Впрочем, и социокультурные, и пропагандистские построения вели к единому выводу о бессмыслице любого силового сопротивления режиму суверенной охлократии. Возможно, эти выводы и были самым разумным ответом на вечный вопрос, почему такую откровенно еретическую литературу печатали такими несусветно гигантскими тиражами. Тем, кто способен был считать немудреные подтексты, отчетливо демонстрировали тщету их рыпанья (даром ли в большинстве книг Стругацких присутствует откровенно буддистский, созерцательно-отшельнический привкус? Сиди песок пересыпай - вся мудрость).

На беду, Федор С. Бондарчук, ослепленный траекторией космолетов, горнилами битв и рыком головобрюхих мутантов, взялся за одиссею Максима с энтузиазмом отрока, впервые постигшего досягаемость миров, истребляемость хулиганов и распрямляемость искривленных пространств. Сделанные в пубертатном возрасте, подобные открытия чреваты солипсизмом - переносом восторгов и упоений собственной сетчатки на человечество в целом. Федору Сергеевичу элементарно не пришло в голову, что перепахавший его в золотые годы роман большинство зрителей и в руках не держало. Грамотно вправив композицию с помощью четы сценаристов-фантастов Дьяченко, он вполне разумно перенес часть эпизодов и латентных, но значимых героев в начало фильма - что вдребезги разбило всю последовательность пояснений о структуре инопланетного бытия. Название покоряемой землянами планеты Саракш в фильме не звучит НИ РАЗУ. То, что бранилка «массаракш» переводится как «изнанка мира», не объясняется ни единожды - что разом лишает смысла и промо-слоган «Ты увидишь изнанку мира». Социальную инженерию Бондарчук сократил, смутьянские акценты смикшировал, шпану окультурил до уровня «Заводного апельсина», а несовершенный мир срисовал с голливудских антиутопий типа «Вспомнить все», «Пятый элемент» и «Бегущий по лезвию бритвы». По убеждению Голливуда, в тоталитарных мирах никогда не бывает солнечного света (они и Россию с Китаем всегда снимают ночью и в дождь). Полусумрачный саракшанский трюм с эскалаторами более всего напоминает мегамолл «Садко-Аркада», в котором выбили все лампочки, разрешили движение микрокаров и запустили двухголовых бомжей-мутантов.

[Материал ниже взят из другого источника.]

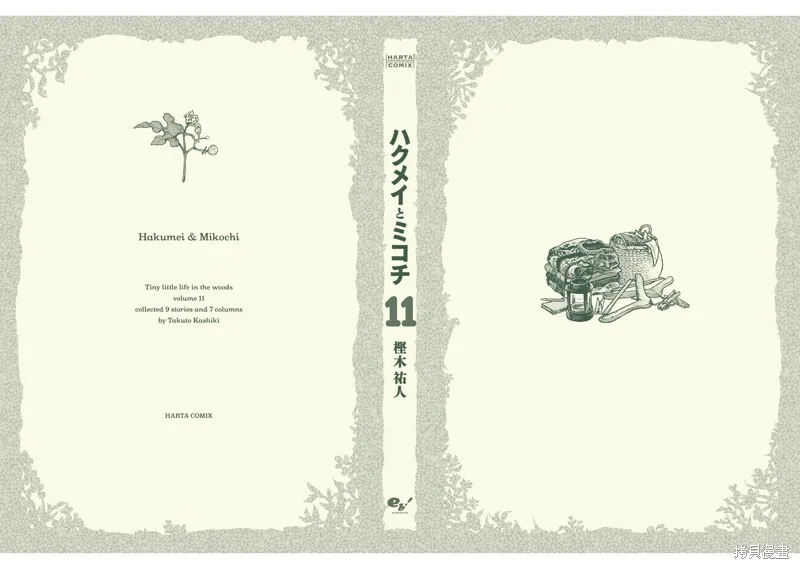 第89话 第40页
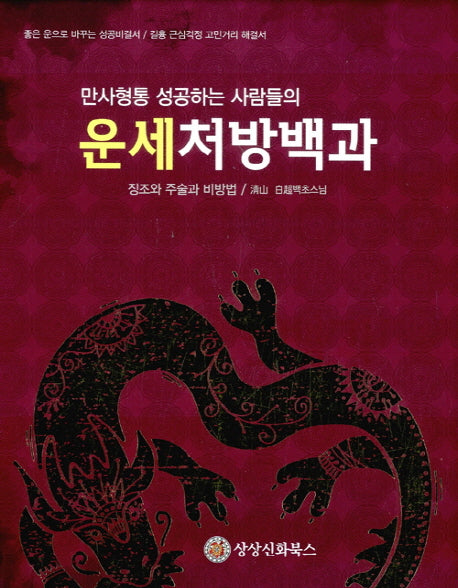 운세처방백과(만사형통 성공하는 사람들의)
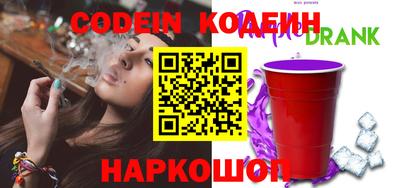 спиды Изобильный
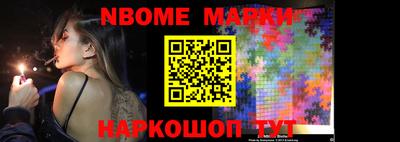 сатива Балаково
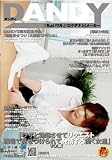 �֥略���ֵ������ƥꥯ������ ����Ǹ����Ĥ�����ȯ�𤹤�Ư����ã�� [DVD]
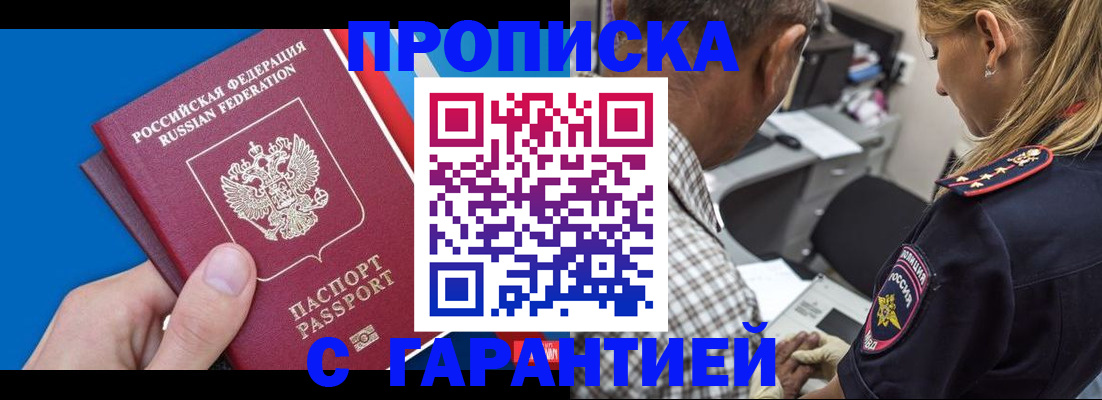 прописка в квартире в Можге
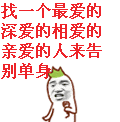 逗逼表情包动态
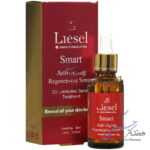 سرم ضدچروک صورت اسمارت لایسل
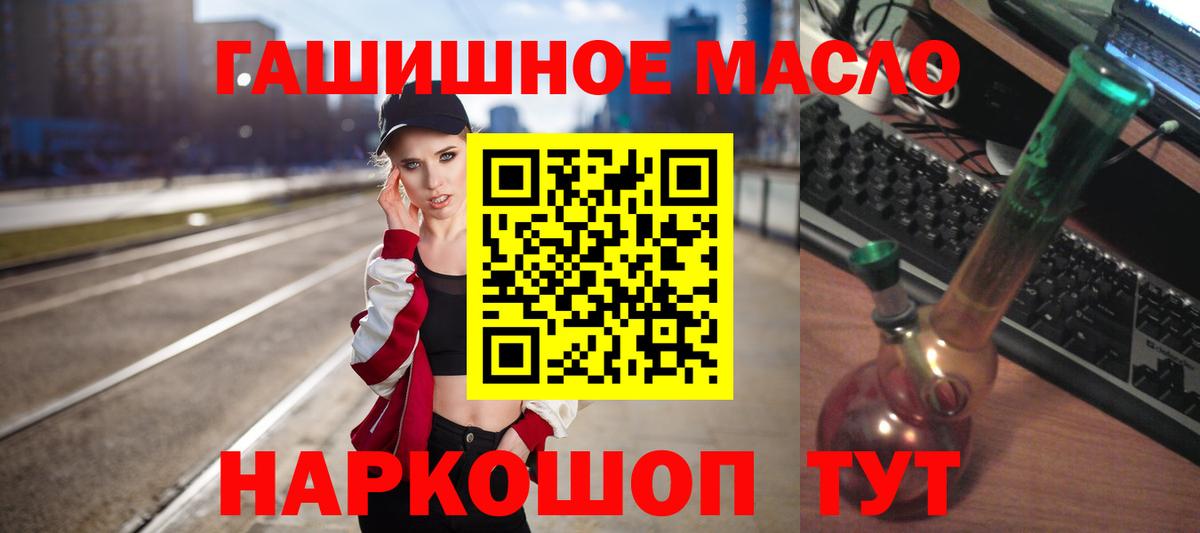 Железноводск  ОМГ ОМГ рабочий сайт  Вход с VPN  ТГК Wax 
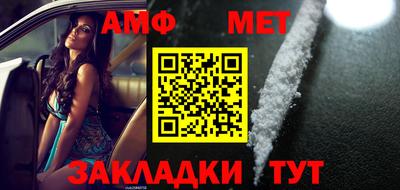 синтетический гашиш Гусев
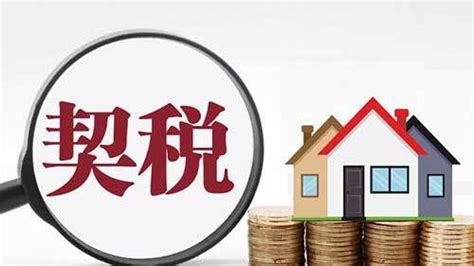 2018二套房房产契税新政策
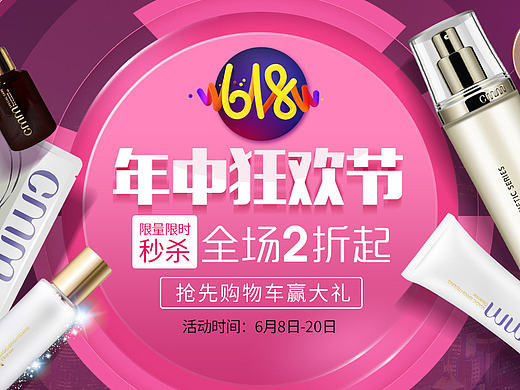 618活动专题页面 年中大促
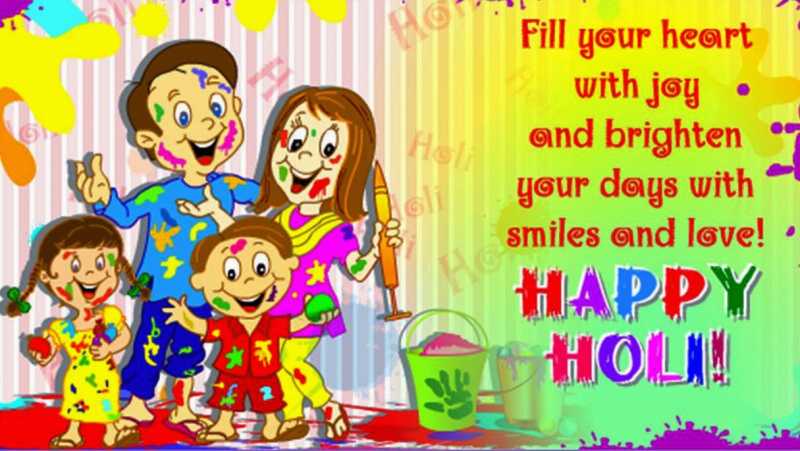 Happy Holi 2018 Images,Pictures,Greeting For Kids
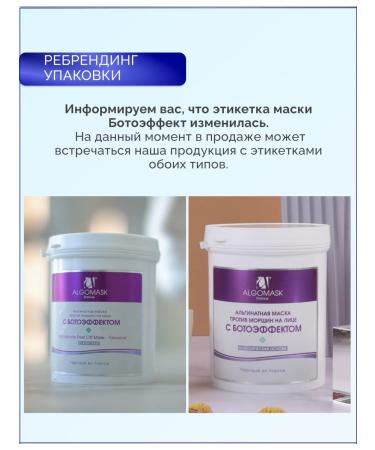 Algomask Alginate mask with a botan effect and serum activator - Buy Online on GoSupps.com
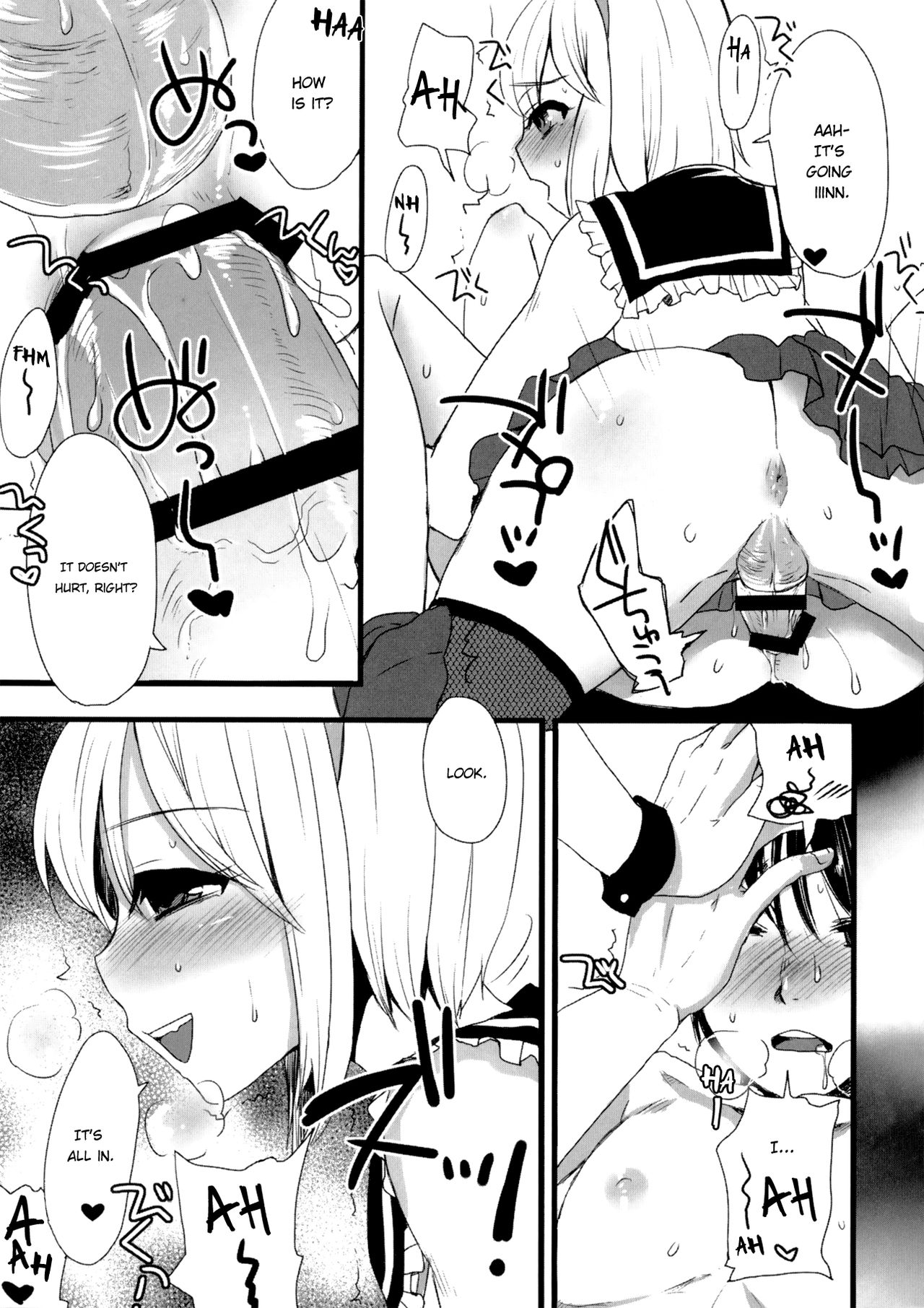 Otokomesu page 11 full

Там и сям в живописных лохмотьях шляются синеватые Жанны Агузаровы в экзотических прическах, летают капсулы-челноки, пыхают разноцветные дымы и торгуют волосатые варвары - ну все как в красной Москве 1968 года. «Если это тоталитарный строй - откуда здесь татуированные телки, суши-бары и прочий декаданс? - орал знакомый эксперт по внеземным цивилизациям. - На фиг из полицейского государства делать модный показ с подсиненными веками? Нет же, главное - все круто, главное - галстук металлический!» Еще ж и темно все время. Глаз в прищуре устает.